Outing Relationships through Link Analysis
While much of the web is connected, some sites are more connected than others.
Take a look at the image below. The image shows a small cluster of 19 nodes. These nodes, when we exclude directories and wikis, only link to each other in the pattern showed in the image.
There are several kinds of clusters than can be easily identified. When the links to and from an onion service are closed off to the larger web, the sites, ironically, stand out.
Estimating the Infrastructure of the Dark Web
Perhaps one of the most immediate insights from the above is that the dark web is smaller than previously estimated.
We have previously reported that Freedom Hosting II accounts for ~20% of all active onion sites - we are able to determine this because all of these sites present the same SSH public key - indicating they share the same infrastructure - the same as Freedom Hosting II.
We are able to make other connections. For example by linking FTP Banners we have been able to identify another cluster of 60 sites which all share an identical FTP banner (including an internal IP address leak) - we have been able to link this to another web hosting provider.
Thus we can place some bounds on the number of unique hosting providers being used:
Of the ~5600 active sites that we scanned during June - 23% shared a single unique SSH Key - linking them to Freedom Hosting II.
1% can be attributed to the hosting provider we talked about above via FTP.
- We were able to identify another 9 clusters of sites which could be linked through SSH keys - another 2.5% of sites.
- Through Apache mod_status leaks we were able to identify another 10 clusters of sites sharing hosting infrastructure, another 1% of sites.
Therefore only 21 infrastructure setups account for 27% (~1500) of all active Onion Services!
If we assume the relationships we identified in the previous section also leak co-hosting information we can push this estimate to ~30 setups accounting for 30-35% of all Onion Services!

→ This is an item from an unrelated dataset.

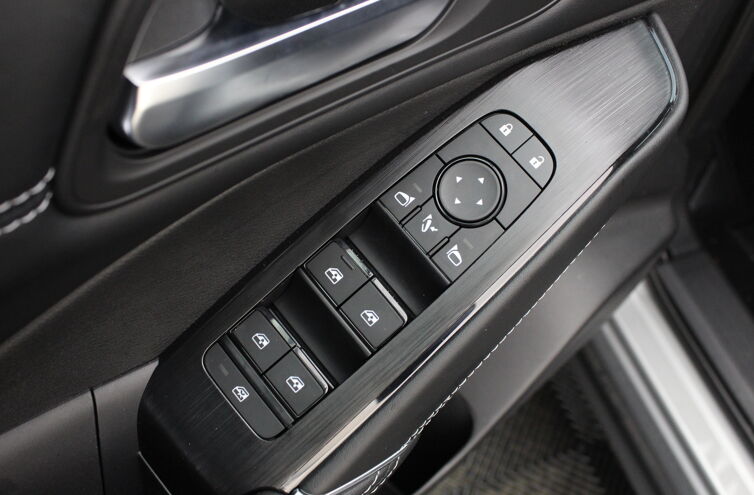 NISSAN Qashqai SUV Essence Hybride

It is important to iterate that these numbers don't mean that 35% of Onion Services are operated by one of 30 groups - but that they are likely hosted by one of those groups - and remember, these are only the relationships we have been able to discern from rather trivial correlations - there are likely many more.
This lack of diversity in hosting infrastructure is concerning - it places the future of a large proportion of Onion Services in the hands of a limited number of groups.
Other OnionScan News
- We have a new home - mascherari.press. All future OnionScan reports will be published here, as well as lots of other articles and discussions about anonymity and privacy.
- OnionScan now supports XMPP thanks to Scott Ainslie!
- OnionScan was included in ArchStrike Linux! We are super excited that this tool reaching more people in the security community.
If you would like to help please get in touch at firstname.lastname@example.org.
Goals for the OnionScan Project
- Increase the number of scanned onion services - We have so far only successfully scanned ~5000 (out of ~11,000 domains scanned).
- Increase the number of protocols scanned. OnionScan currently supports light analysis for HTTP and SSH, and detection analysis for FTP, SMTP, Bitcoin, IRC, XMPP and Ricochet - we want to grow this list, as well as provide deeper analysis on all protocols.
- Develop a standard for classifying onion services that can be used for crime analysis as well as an expanded analysis of usage from political activism to instant messaging.